When AD presents with symptoms, irreversible neuronal damage has already occurred.3 This fact highlights the need to discover new disease regulators, which can be used for therapeutical development. Targetable intervention and therapy are needed to address presymptomatic processes, and regulatory proteins are a key part of disease progression and represent potential targets.4 Due to the multifactorial pathology of AD, a multimodal approach is needed in order to identify disease regulators. In these studies, the authors used unbiased proteomics coupled with bioinformatics and microscopy methods in order to discover novel disease regulators in AD.

MATERIALS AND METHODS

Proteomics and subsequent Ingenuity Pathway Analysis (IPA) were performed on a knock-in mouse model for AD (AppNL-F/NL-F), which specifically produced increased levels of the neurotoxic peptide Aβ42, making it suitable for studies of Aβ42-driven pathology.

The levels of huntingtin in human and mouse brains were quantified using immunohistochemistry (IHC) and the subcellular huntingtin location was determined by fluorescence microscopy. Potential colocalisation between reactive astrocytes, τ tangles, and huntingtin was determined in human AD tissue by using confocal microscopy.

RESULTS

By using IPA, huntingtin was identified as a presymptomatic regulator of disease progression in a proteomics data set from cortex and hippocampus taken at four different ages (3, 6, 9, and 12 months) from the AppNL-F/NL-Fmouse. Several known Aβ42-associated proteins were also detected. By using semi-quantitative IHC, huntingtin levels were shown to be highly increased in AppNL-F/NL-Fcompared with wild type mice at 6 months of age (3 months before the appearance of amyloid plaques). The huntingtin levels increased over time in wild type mice but not in AppNL-F/NL-Fmice and at 25 months, there was no difference in the levels of huntingtin. Moreover, IHC showed increased levels of huntingtin in pyramidal neurons in the hippocampus and frontal cortex in patients with AD relative to controls (Figure 1).

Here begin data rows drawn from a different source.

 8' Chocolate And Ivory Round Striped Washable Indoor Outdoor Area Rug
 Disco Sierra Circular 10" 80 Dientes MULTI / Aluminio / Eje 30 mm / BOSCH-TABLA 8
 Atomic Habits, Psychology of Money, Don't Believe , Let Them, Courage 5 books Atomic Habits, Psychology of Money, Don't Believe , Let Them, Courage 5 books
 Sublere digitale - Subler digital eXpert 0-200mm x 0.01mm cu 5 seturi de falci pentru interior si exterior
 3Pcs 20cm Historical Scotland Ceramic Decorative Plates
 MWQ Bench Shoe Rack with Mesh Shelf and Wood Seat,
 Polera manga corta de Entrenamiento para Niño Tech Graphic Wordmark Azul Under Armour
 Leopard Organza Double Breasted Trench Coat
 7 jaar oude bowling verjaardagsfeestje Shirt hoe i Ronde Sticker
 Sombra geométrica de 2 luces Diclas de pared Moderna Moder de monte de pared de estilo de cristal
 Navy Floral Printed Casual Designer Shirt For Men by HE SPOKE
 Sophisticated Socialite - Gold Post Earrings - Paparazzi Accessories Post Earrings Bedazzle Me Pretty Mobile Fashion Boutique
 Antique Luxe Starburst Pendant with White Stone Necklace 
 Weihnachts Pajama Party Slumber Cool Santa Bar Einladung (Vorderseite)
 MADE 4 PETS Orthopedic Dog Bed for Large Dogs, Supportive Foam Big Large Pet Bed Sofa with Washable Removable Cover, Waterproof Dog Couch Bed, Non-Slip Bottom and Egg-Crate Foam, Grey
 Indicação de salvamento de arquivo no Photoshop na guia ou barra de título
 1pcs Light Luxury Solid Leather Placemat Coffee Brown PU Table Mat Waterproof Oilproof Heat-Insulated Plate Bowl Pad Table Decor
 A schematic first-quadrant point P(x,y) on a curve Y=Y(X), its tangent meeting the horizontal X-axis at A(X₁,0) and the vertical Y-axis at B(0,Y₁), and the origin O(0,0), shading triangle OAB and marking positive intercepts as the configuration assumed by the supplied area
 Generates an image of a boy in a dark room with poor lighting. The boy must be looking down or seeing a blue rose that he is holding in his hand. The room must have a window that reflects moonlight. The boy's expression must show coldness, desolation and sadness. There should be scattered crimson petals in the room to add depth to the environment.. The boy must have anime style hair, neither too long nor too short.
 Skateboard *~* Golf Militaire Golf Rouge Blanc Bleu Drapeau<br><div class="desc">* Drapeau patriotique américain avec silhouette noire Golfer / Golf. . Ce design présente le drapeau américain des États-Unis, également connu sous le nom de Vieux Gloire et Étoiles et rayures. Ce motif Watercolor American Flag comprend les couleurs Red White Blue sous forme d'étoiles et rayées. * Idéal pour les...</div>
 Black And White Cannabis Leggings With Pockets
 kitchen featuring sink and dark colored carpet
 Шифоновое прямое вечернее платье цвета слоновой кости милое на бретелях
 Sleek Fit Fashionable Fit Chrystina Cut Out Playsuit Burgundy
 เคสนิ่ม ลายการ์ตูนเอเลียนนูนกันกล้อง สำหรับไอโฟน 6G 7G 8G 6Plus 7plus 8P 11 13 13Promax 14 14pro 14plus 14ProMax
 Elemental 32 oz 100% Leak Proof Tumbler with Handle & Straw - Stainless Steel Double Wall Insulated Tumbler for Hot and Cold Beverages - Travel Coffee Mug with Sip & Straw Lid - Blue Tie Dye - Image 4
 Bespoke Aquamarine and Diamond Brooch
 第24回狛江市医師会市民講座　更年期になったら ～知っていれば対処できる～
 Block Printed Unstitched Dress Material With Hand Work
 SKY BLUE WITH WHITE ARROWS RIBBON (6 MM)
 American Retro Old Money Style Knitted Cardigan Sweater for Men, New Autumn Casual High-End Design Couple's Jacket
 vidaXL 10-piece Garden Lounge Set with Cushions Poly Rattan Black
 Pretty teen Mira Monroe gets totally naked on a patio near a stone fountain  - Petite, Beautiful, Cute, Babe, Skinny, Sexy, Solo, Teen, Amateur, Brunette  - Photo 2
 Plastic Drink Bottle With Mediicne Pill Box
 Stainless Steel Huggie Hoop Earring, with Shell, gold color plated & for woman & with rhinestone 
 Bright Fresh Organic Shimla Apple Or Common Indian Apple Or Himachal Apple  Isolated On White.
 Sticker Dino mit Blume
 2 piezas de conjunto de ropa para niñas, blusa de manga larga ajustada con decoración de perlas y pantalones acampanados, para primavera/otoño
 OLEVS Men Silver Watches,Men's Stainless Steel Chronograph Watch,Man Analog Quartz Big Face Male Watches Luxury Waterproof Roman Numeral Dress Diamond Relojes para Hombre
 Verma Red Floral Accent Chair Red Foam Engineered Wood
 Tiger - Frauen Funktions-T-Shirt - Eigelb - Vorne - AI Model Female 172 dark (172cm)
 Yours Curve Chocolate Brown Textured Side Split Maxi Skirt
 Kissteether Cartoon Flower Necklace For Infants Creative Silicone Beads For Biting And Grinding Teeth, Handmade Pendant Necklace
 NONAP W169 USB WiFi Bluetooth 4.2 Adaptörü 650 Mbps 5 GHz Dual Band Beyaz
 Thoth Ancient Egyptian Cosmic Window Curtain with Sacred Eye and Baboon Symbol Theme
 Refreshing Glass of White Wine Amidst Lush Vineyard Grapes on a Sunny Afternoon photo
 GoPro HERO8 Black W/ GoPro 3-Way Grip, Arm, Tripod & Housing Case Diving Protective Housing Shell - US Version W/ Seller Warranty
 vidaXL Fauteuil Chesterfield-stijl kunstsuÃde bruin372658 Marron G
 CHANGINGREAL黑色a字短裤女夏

Figure 1: Huntingtin in the brain of patients with Alzheimer’s disease.
Huntingtin is increased in the hippocampal tissue when compared with controls.
AD: Alzheimer’s disease.

In contrast to Huntington’s disease, huntingtin did not colocalise with reactive astrocytes in AD brain, as demonstrated by confocal microscopy. Huntingtin levels were increased in pyramidal neurons in AD brain. There was no significant colocalisation of huntingtin with phosphorylated τ.

CONCLUSION

Huntingtin accumulates in the brain of patients with AD and is distinct from the huntingtin accumulation seen in Huntington’s disease. Huntingtin accumulation precedes AD pathology in AppNL-F/NL-Fmice.

These findings implicate huntingtin in the pathology of AD and warrant further studies. Huntingtin regulation could be a potential treatment for AD due to the numerous clinical trials aimed at Huntington’s disease. The process by which huntingtin regulates AD pathology needs to be established. Mechanistic studies of huntingtin in neuronal cell cultures will shed light on the relationship between huntingtin and AD pathogenesis.

References
Bloom GS. Amyloid-β and tau: the trigger and bullet in Alzheimer disease pathogenesis. JAMA Neurol. 2014;71(4):505-8. Zheng Z, Diamond MI. Huntington disease and the huntingtin protein. Prog Mol Biol Transl Sci. 2012;107:189-214. Vickers JC et al. The cause of neuronal degeneration in Alzheimer’s disease. Prog Neurobiol. 2000;60(2):139-65. Vargas DM et al. Alzheimer’s disease master regulators analysis: search for potential molecular targets and drug repositioning candidates. Alzheimers Res Ther. 2018;10(1):59.